▶ [Information provided]
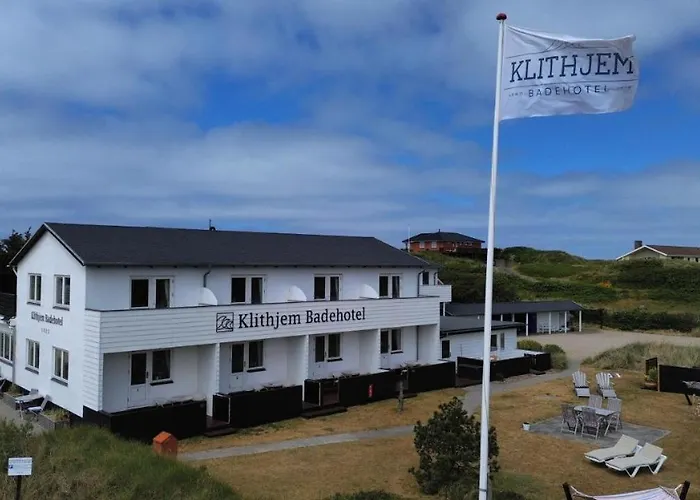 Klithjem Badehotel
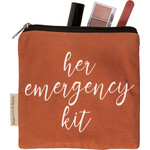 Prim By Kathy Her Emergency Kit Everything Pouch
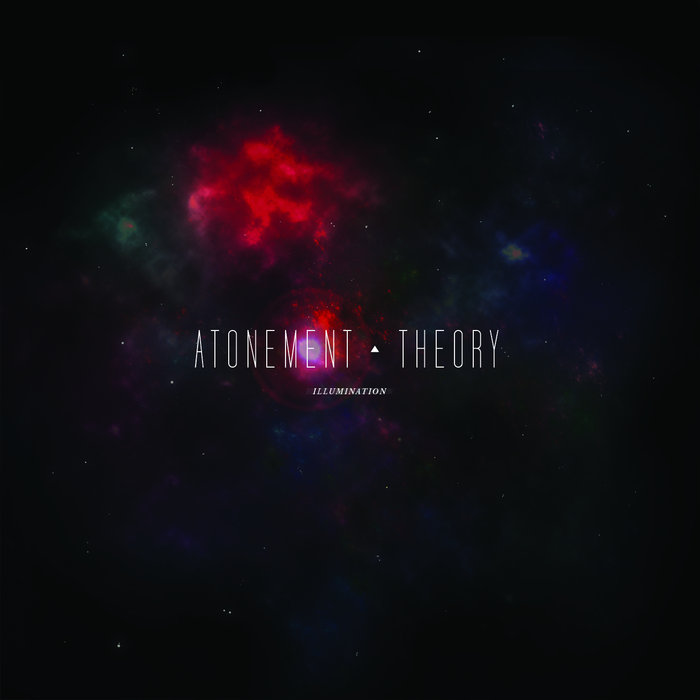 ATONEMENT THEORY - Illumination cover 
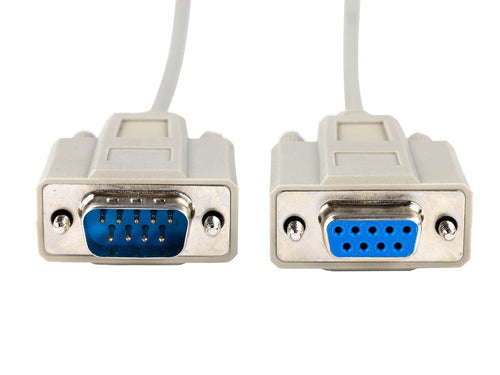 Monoprice 443 VGA cable
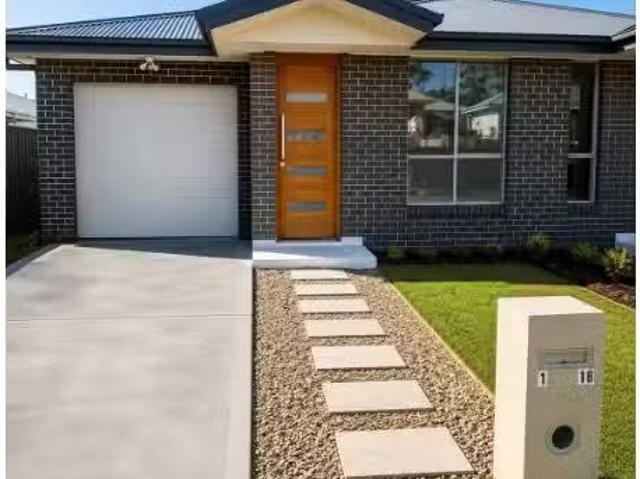 Condo for rent in New South Wales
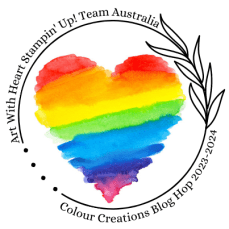 2023-2024 AWH Colour Creations header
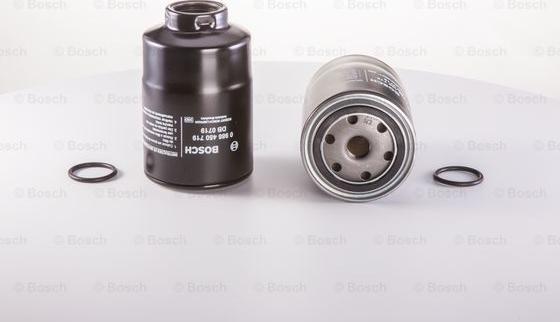 BOSCH 0 986 450 719 - Топливный фильтр unicars.by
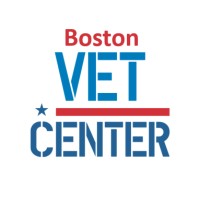 Boston Vet Center logo - Similar company to Pat Tillman Veterans Center
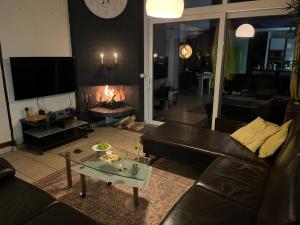 Oemoemenoe - 6 pers - sauna - optionele Jacuzzi beschikbaar sep tm jun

▶ [Your assignment]
Repeat, exactly and only, the lines from the one containing "Condo for rent in New South Wales" through the final line of the data, both ends included, leaving out any picture.

▶ [Answer area]
 Condo for rent in New South Wales
 2023-2024 AWH Colour Creations header
 BOSCH 0 986 450 719 - Топливный фильтр unicars.by
 Boston Vet Center logo - Similar company to Pat Tillman Veterans Center
 Oemoemenoe - 6 pers - sauna - optionele Jacuzzi beschikbaar sep tm jun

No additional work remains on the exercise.